■ ABOUT THIS TASK
When the line containing "Especialista em comportamento" appears in the data below, begin copying there and stop only after the line containing "Nest I by Debra".

■ RAW DATA
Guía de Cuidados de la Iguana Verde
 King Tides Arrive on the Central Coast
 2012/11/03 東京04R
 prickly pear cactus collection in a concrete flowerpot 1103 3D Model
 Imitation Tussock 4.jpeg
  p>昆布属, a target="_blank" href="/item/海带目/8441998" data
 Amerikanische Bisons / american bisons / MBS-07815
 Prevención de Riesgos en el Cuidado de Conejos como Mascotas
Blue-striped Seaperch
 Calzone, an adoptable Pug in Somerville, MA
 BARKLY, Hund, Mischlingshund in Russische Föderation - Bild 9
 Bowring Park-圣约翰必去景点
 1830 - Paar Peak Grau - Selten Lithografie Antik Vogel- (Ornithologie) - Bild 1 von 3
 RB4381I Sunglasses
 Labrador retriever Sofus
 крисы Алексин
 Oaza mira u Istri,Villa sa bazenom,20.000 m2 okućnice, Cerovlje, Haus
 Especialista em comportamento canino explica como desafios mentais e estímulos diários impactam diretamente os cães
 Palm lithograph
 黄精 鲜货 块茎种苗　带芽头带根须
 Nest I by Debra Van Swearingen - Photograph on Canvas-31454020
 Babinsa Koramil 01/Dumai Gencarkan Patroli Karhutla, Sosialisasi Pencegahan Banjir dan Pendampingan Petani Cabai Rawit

■ TASK ANSWER
 Especialista em comportamento canino explica como desafios mentais e estímulos diários impactam diretamente os cães
 Palm lithograph
 黄精 鲜货 块茎种苗　带芽头带根须
 Nest I by Debra Van Swearingen - Photograph on Canvas-31454020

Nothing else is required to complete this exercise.